Le novità in tema di indagini preliminari

Il libro dell anno del diritto 2018 (2018)

Le novità in tema di indagini preliminari

Antonella Marandola

La l. 23.6.2017, n. 103, meglio nota come “riforma Orlando”, sembra protesa prevalentementeal soddisfacimento della durata ragionevole dei processi. È in quest’ottica che il legislatore ha apportato delle sporadiche modifiche alla normativa processuale dedicata alle indagini preliminari prevalentemente volte, da un lato, a realizzare una rapida ed immediata definizione dei procedimenti, con evidenti effetti sul piano temporale, e dall’altro lato, una (minimale) implementazione delle garanzie dei soggetti processuali.

La ricognizione

La cd. “riforma Orlando” non ha operato una modifica strutturale delle disposizioni processuali dedicate alle indagini preliminari, intese in senso lato. Gli interventi appaiono settoriali, non organici e frammentari. Ciò nonostante essi consentono di individuare un filo conduttore comune nella rapida ed immediata definizione dei procedimenti.

La focalizzazione

Un’attenta lettura dell’intervento operato dalla tanto attesa l. n. 103/2017 sul versante delle indagini pare, innanzitutto, fornire delle soluzioni normative ad alcune questioni applicative capaci di superare talune impasses procedurali, com’è avvenuto per la problematica legata alle condizioni di incapacità dell’indagato e per la determinazione degli “effetti” derivanti dall’elezione del domicilio presso il difensore d’ufficio. Le modifiche si estendendo, in secondo luogo, all’ampiamento del diritto dell’assistito in custodia cautelare o in stato di arresto o fermo a conferire con il difensore e del diritto della persona offesa ad avere conoscenza dello “stato ”del procedimento. Il fine dell’accelerazione procedurale è, invece, sotteso alla disciplina dettata in tema di effetto della riserva “inevasa” di incidente probatorio formulata dall’indagato e, soprattutto, nella nuova regolamentazione dei termini per l’azione penale (o meno)1.

Incapacità irreversibile dell’imputato

Nel quadro appena prospettato s’inserisce la riforma della disciplina dei cd. eterni giudicabili (art. 71 e 72 bis c.p.p.).

Il legislatore prevede che qualora non possa essere pronunciata sentenza di proscioglimento o di non luogo a procedere e vi è ragione di ritenere che per infermità sopravvenuta al fatto ovvero originaria (C. cost., 24.7.1998, n. 340) l’imputato non sia in grado di partecipare coscientemente al processo, il giudice, se occorre, dispone anche d’ufficio perizia.

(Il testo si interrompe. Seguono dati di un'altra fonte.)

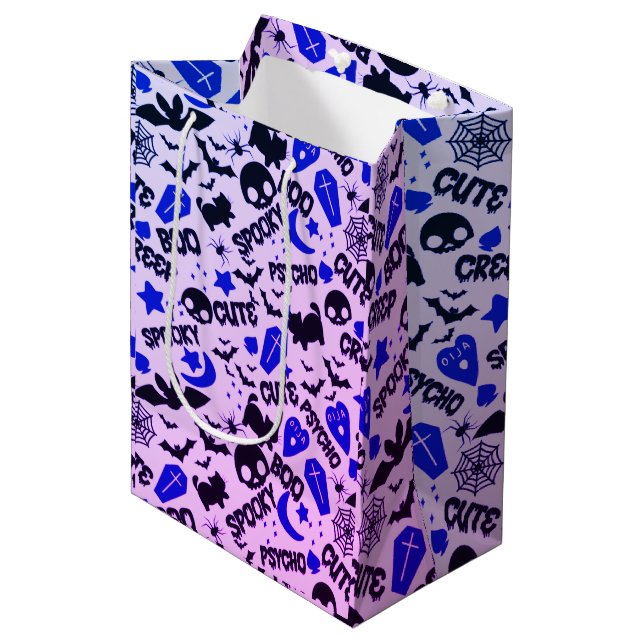 Niedlich und Spaß Lila, Blau und Schwarz Halloween Mittlere Geschenktüte (Vorderseite Schrägansicht)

Se la situazione si prospetta durante le indagini preliminari si procede con incidente probatorio.

Se all’esito degli accertamenti si accerta che effettivamente l’imputato non è in grado di partecipare coscientemente al processo o al procedimento il giudice ne dispone la sospensione. Alla scadenza del sesto mese, ovvero anche prima se necessario, il giudice dispone ulteriori accertamenti e così provvede ad ogni successiva scadenza di sei mesi, salvo che sia possibile che il procedimento possa riprendere il suo corso.

Il legislatore ha ritenuto che questa disciplina potesse essere corretta nel caso in cui gli accertamenti peritali avessero evidenziato una situazione irreversibile tale da rendere inutile la ripetizione degli accertamenti, considerando altresì – come effetto combinato – che la Corte costituzionale (C. cost., 14.2.2103, n. 23) ha precisato che la sospensione del procedimento poteva essere disposta a condizione che l’incapacità apparisse “reversibile”.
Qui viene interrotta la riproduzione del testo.